GENTLE READER: A coffee maker in the bedroom? Window shades? Everyone else in the family leading him out of the kitchen to converse?
Miss Manners suspects that what you really want from her is a way to teach your relative modesty. But she gathers from his coffee habit that he is a grown-up, and she supposes that the family has had no success arguing its own embarrassment.
For him to be embarrassed enough to go put on a robe, for goodness' sake, there has to be someone whose disapproval would embarrass him. The neighbors? The police?
It might be easier to find a nice, gauzy material that will let in the light but blur the view and nail it over the windows.
DEAR MISS MANNERS: We are a fairly successful couple who both work and have a wide range of friends. For the past few years, our businesses have slowed, as has our income. And we have a 5-year-old child. All of this to say -- we aren't as wealthy as we once were and so hosting parties is out of the question.

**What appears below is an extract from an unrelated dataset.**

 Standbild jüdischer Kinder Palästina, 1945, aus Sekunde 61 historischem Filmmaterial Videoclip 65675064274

Here's the challenge: We have friends, a married couple with no children, who are on the financial upswing, who have moved into a lovely new townhouse and, for the last few years have been hosting many parties in their home. There's the annual New Year's Day brunch, the annual Halloween Brunch, the make new acquaintances seated dinner party, the annual Fourth of July party and so on ... YIKES! We feel so far behind on reciprocating that it's becoming uncomfortable.

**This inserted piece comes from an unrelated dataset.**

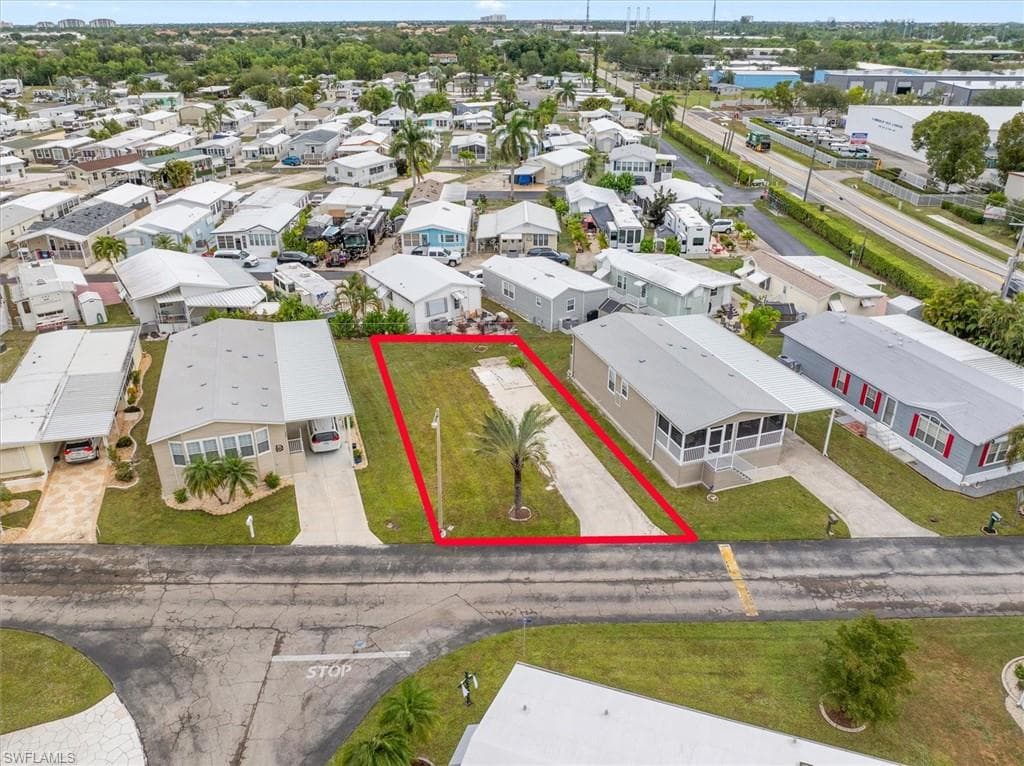 223 Derwent BLVD W, FORT MYERS FL 33908-9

GENTLE READER: You should be uncomfortable. But not, Miss Manners hastens to add, in financial ruin. You do owe a return on hospitality you have accepted, but only within your means.
Shoving a bottle of wine at your hosts when you are a guest will not do it. You must entertain them. In your own way, not theirs.
Two of the most chic forms of entertainment are ridiculously cheap: tea parties (tea, bread, cucumbers, cookies) and midnight suppers (scrambled eggs, salad) after an event that people were already attending (and so bought their own tickets), such as theater or opera. Less formally, there is family supper, ordinary (as opposed to New Year's Day) brunch, and watching a game or rented movies with snacks.
People just like to go out once in a while, and they like going to other people's houses. Most of all, they like the feeling that their friends want to see them enough to make an effort, beyond showing up for food and fun whenever others make the effort.